You’ll also have to follow-through on the way you stated how you are going to handle any secured debts that you may have, as you stated this within one of the forms that you provided during your initial filing. That should essentially be all that is required on your end, and eventually the court should issue you an order that will state that your dischargeable debts have been officially discharged. Once this happens you will no longer have the legal obligation to make any back, or future payments on such debts, and your creditors will no longer have the legal rights to demand such payments.
How to File for Chapter 13 Bankruptcy
There are a few differences when compared to a chapter 7 filing that you’ll have to take note of if you’re filing for chapter 13. When you first file the appropriate forms with the court that presides over the area that you live in you are also going to have to draft, and submit a payment plan that reveals exactly how you plan to pay back some, or all of your debt. You will then have to attend a meeting that will involve you, your case trustee, and perhaps your creditors. During this meeting your case trustee will go over your paperwork, and your creditors will be allowed to go over your repayment plan and perhaps negotiate with you.
You will then have to attend a confirmation hearing where the judge will rule on whether or not to confirm your plan, and during this hearing any creditors may attend to raise objections, as the judge will rule on these as well. You will then have to begin making payments according to the payment plan that the judge confirmed within thirty days of the hearing. You may have to return to court if there were any details that were not ironed out, or if there was some kind of issue with your case. That is pretty-much it, as you will then have to keep on following your repayment plan according to the appropriate settled upon terms, and upon its completion the court should issue you a discharge order that should eliminate the remainder of your dischargeable debt.
Declaring Personal Bankruptcy Conclusion

You should now be free of your unsecured debt, and by knowing how to declare bankruptcy you have most likely given yourself a fresh financial start that will allow you the necessary freedom to live your life how you want to.
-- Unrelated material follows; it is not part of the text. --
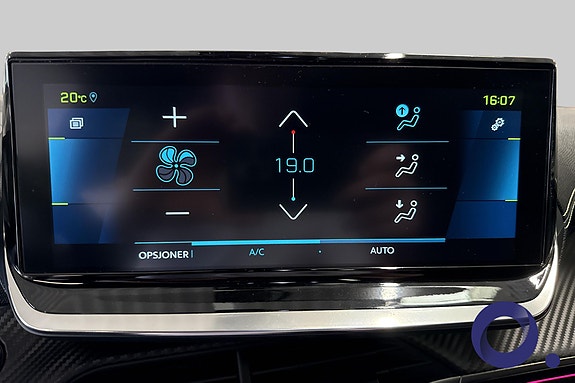Peugeot e-2008 18 of 28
Remember that you should always do as much research as you can on your own in combination with the assistance from a qualified bankruptcy attorney if you want to achieve the appropriate end goals that will allow you to get the most out of your bankruptcy filing. Declaring bankruptcy isn’t extraordinarily complex and difficult, but it isn’t the simplest of tasks either, and by taking the time out to learn how to go about it properly you have hopefully ensured that you have maximized your debt relief potential, and in the end this will hopefully give rise to the outcomes that will benefit you the most.